UBS is launching a partnership with the Monetary Authority of Singapore on foreign exchange. The move underscores the Swiss bank's strong ties in the city-state.

Zurich-based UBS will launch a foreign exchange pricing and trading «engine» dubbed eFX in Singapore by the middle of next year. The project is being undertaken together with the Monetary Authority of Singapore, or MAS, the city-state's financial regulator and central bank.

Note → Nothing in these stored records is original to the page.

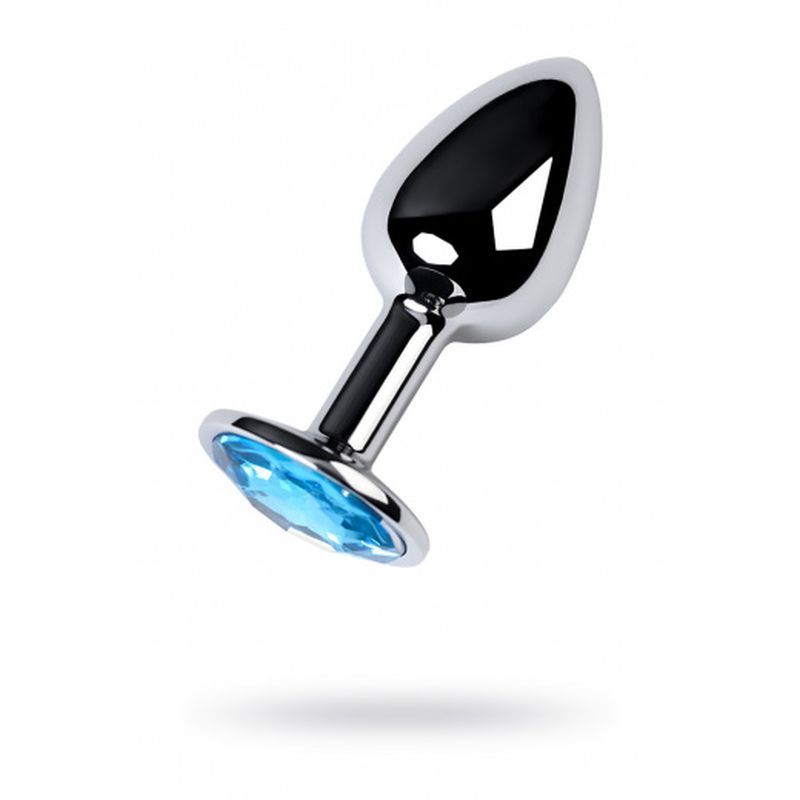 Silver Metal Anal Plug with Topaz Crystal, featuring a blue topaz gem, 7cm long, presented in a velvet bag.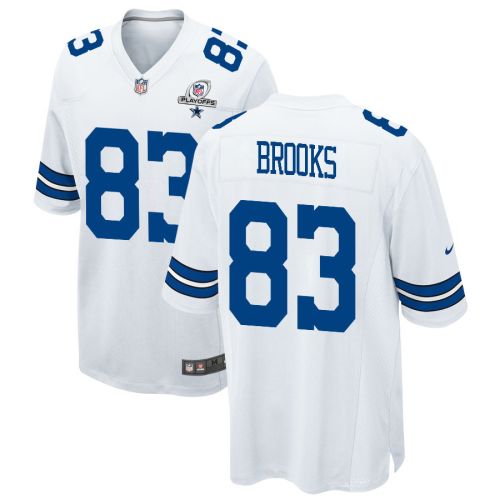 Jalen Brooks 83 Dallas Cowboys 2023 Playoffs Patch Game Men Jersey - White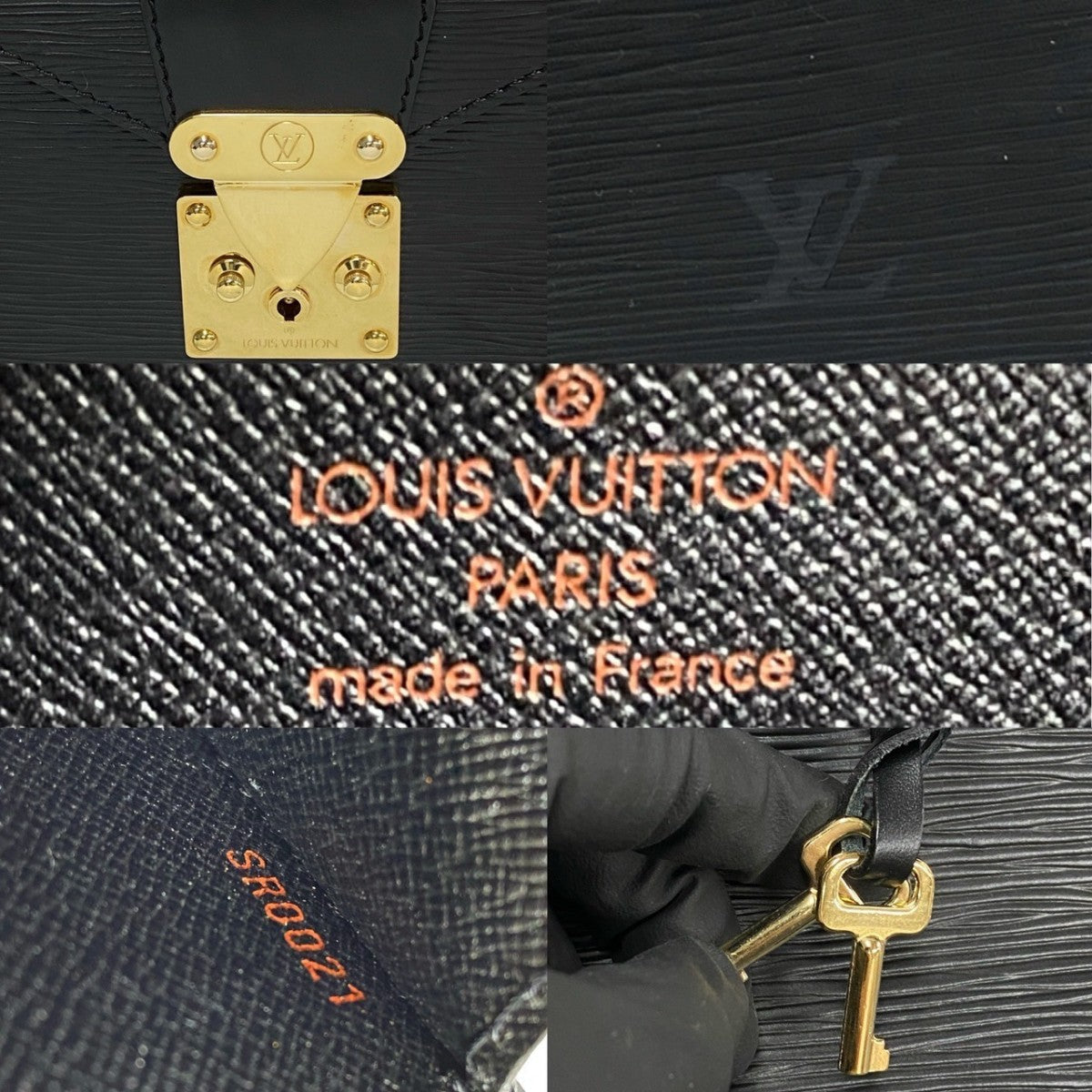 LOUIS VUITTON Business bag leather black Epi Serviette Ambassador mens Used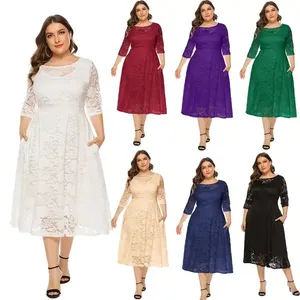2023 Latest Dress Designs For Ladies Fashion Vestidos Crew Neck Solid Color Plus Size Women Dresses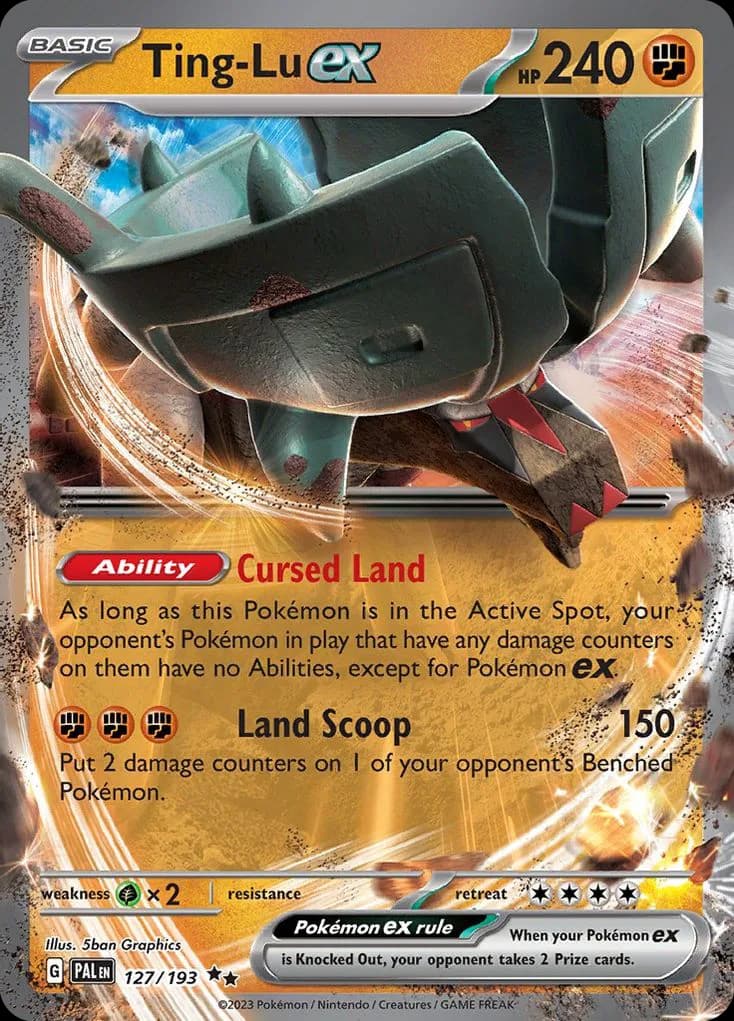 Paldea Evolved Ting-Lu ex card front, 127/193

The joint move illustrates how deeply embedded the Swiss bank is with Singapore officials. While the city-state officially ditched its major stake in UBS last year, MAS continues to tap UBS for projects like an attempt to digitize know-you-customer checks on clientele.

Singapore Reinforced

The effort is meant to improve liquidity and foster more transparency and efficiency in FX trading markets. UBS is in the top-five of currency dealing banks, behind Citi and JP. Morgan. «This builds on our vision of enhancing the eFX trading infrastructure, as articulated in our Financial Services Industry Transformation Map, co-created with the industry,» MAS financial markets development head Alan Yeo said.

The move strengthens UBS in Singapore, where the Swiss bank centers its foreign exchange, rates, and credit business in Asia. The bank's only recent glitch in Singapore was over 1MDB, which UBS didn't entirely escape.